▸ WHAT TO WORK ON:
Range to repeat from the listing below: the line containing "Streamdale Furniture Queen" down to the line containing "Floral Decorative Gel", both included. Copy it exactly, pictures excluded, and add nothing else.

▸ INFORMATION:
= = = = = = =

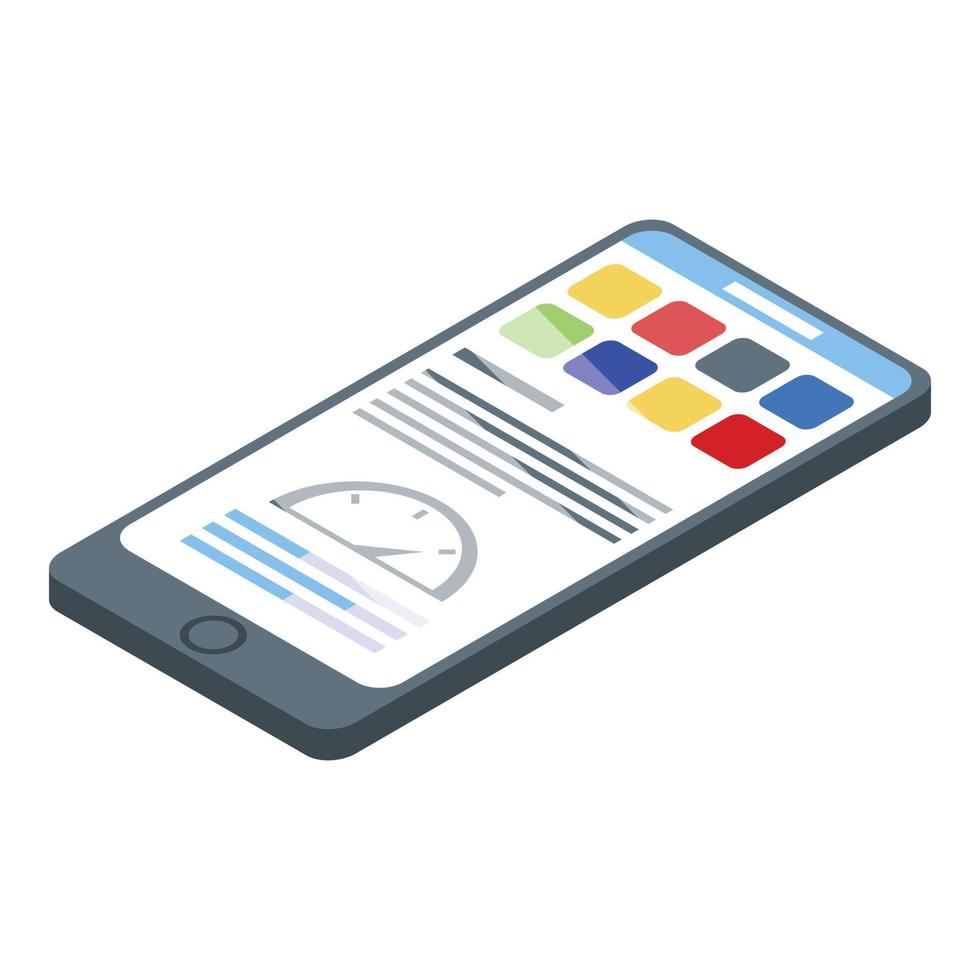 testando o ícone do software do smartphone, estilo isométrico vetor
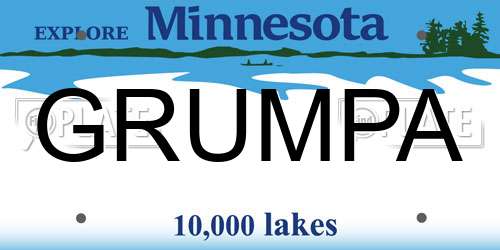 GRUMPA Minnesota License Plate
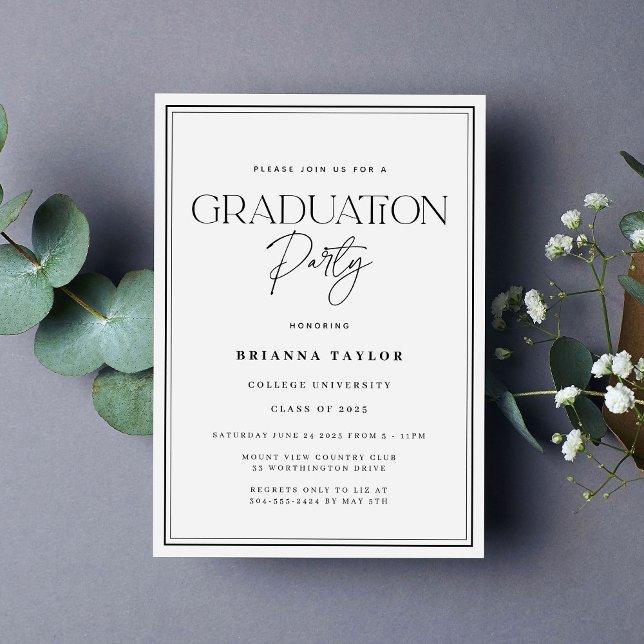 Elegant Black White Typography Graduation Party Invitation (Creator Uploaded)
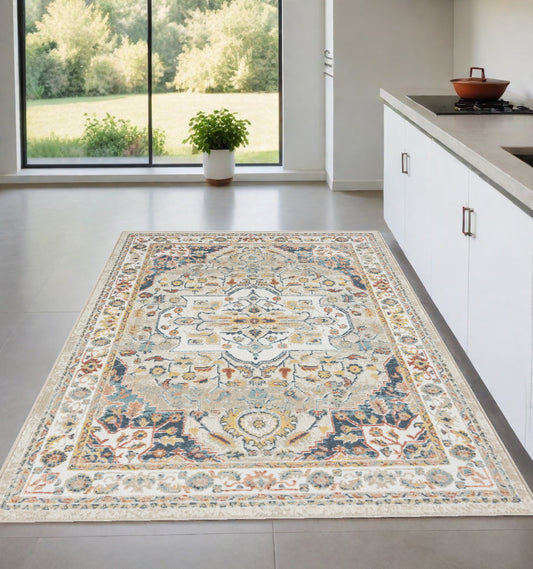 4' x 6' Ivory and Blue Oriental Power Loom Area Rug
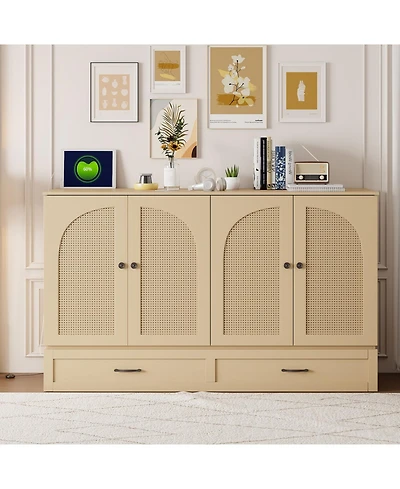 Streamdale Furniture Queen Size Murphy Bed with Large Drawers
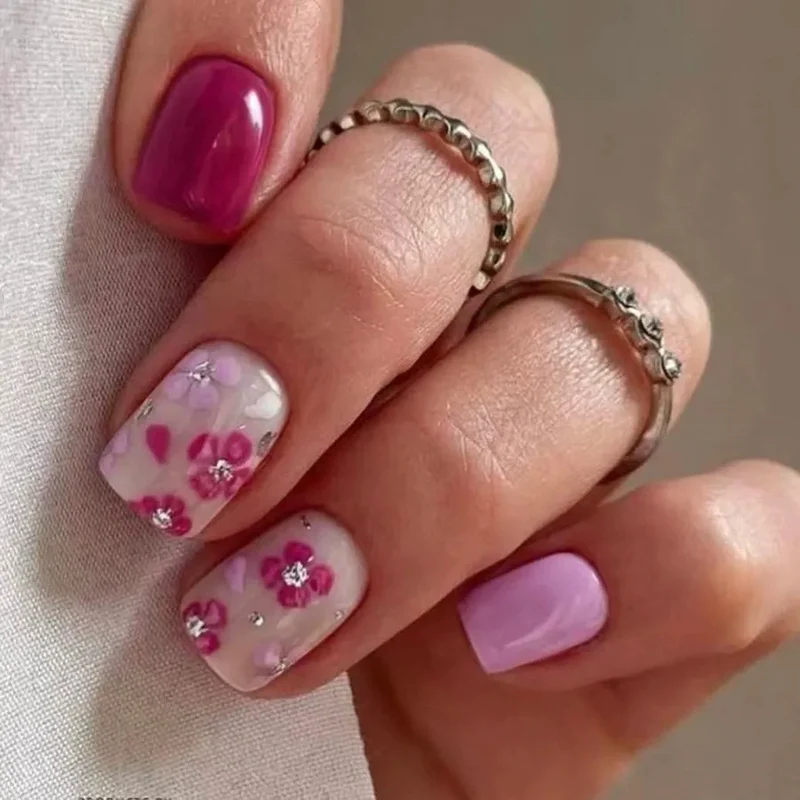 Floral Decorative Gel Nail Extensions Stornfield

= = = = = = =

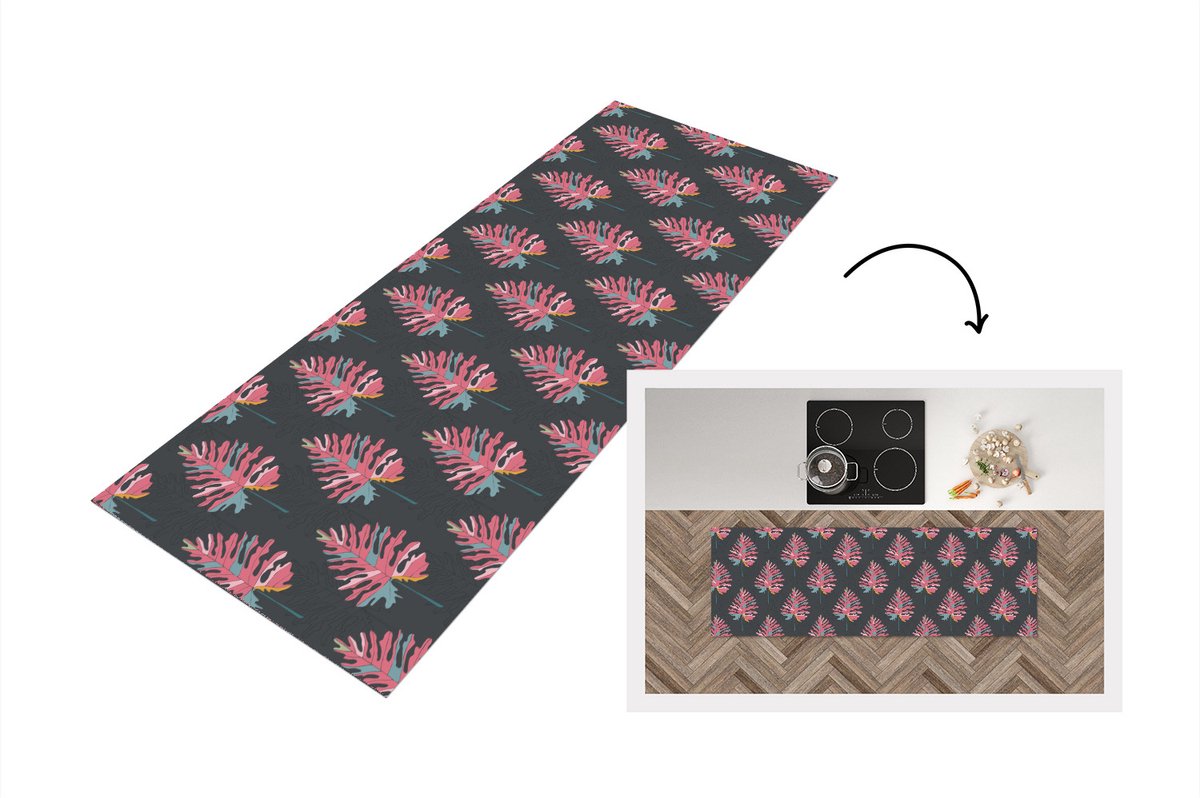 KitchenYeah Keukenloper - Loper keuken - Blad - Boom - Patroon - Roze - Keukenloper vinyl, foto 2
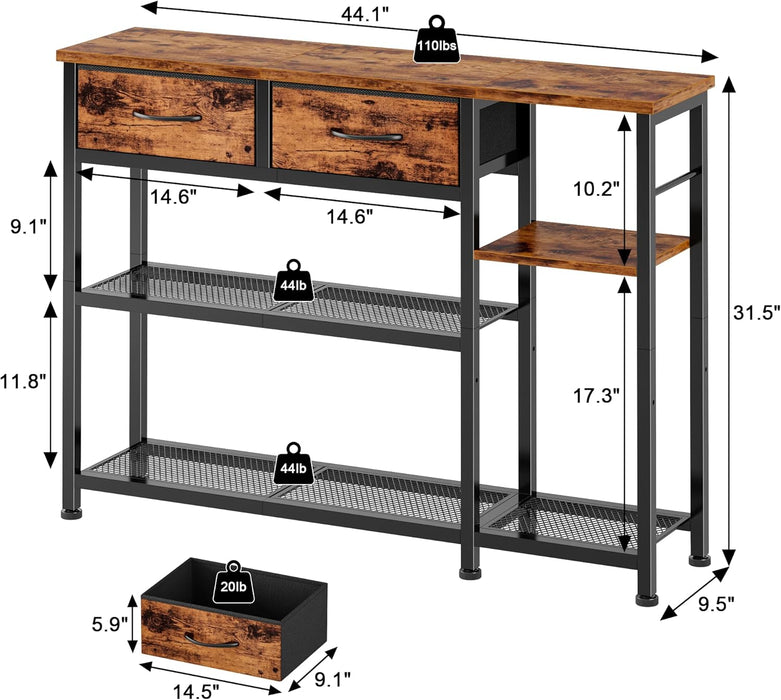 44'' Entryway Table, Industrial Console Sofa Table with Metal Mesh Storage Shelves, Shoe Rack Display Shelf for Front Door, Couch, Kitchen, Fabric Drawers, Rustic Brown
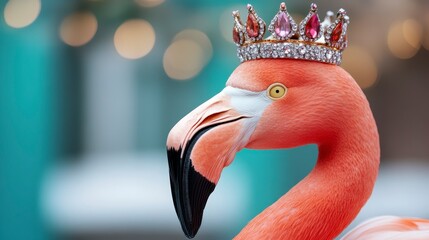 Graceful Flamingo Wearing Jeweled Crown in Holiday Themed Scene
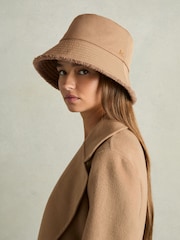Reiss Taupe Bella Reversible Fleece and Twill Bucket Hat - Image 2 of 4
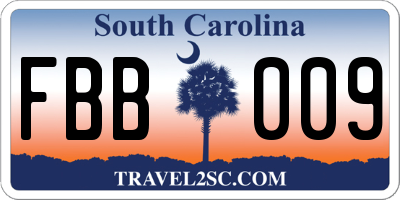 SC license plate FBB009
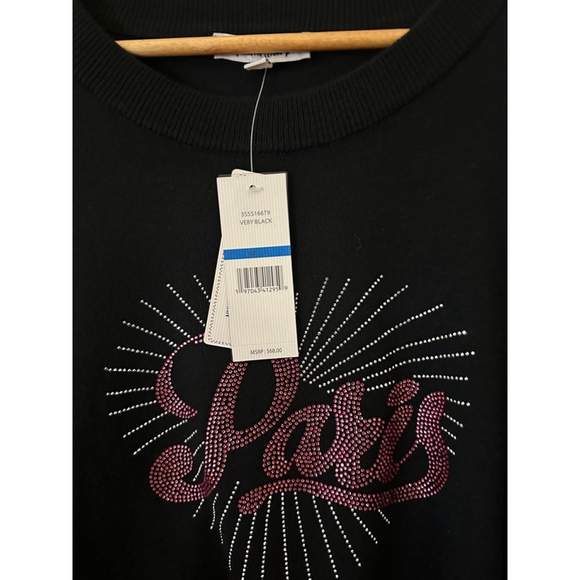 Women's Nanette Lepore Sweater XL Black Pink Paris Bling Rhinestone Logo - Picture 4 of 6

= = = = = = =

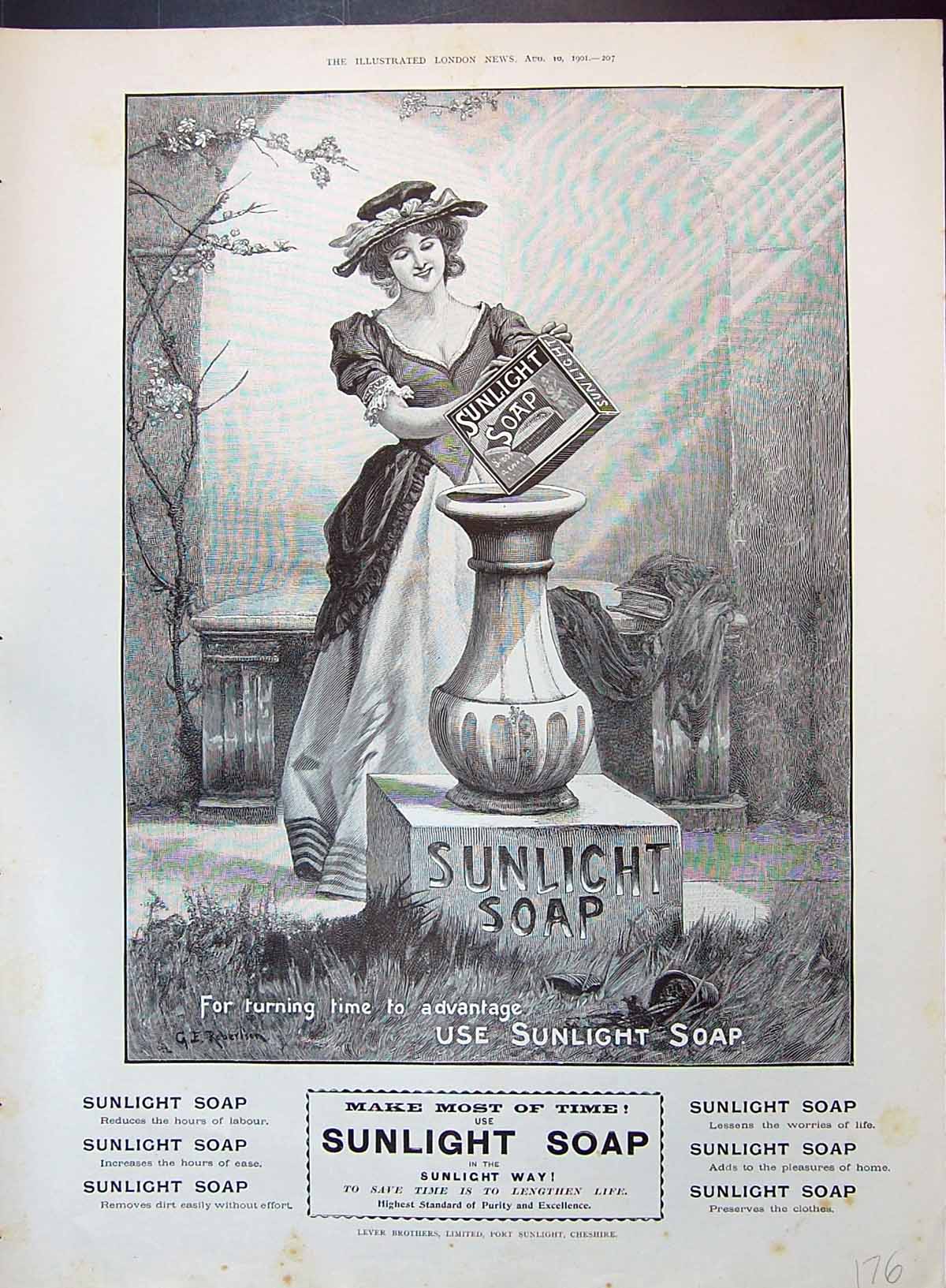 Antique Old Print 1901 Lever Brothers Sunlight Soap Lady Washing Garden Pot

= = = = = = =

▸ RESPONSE FOR THIS EXERCISE:
 Streamdale Furniture Queen Size Murphy Bed with Large Drawers
 Floral Decorative Gel Nail Extensions Stornfield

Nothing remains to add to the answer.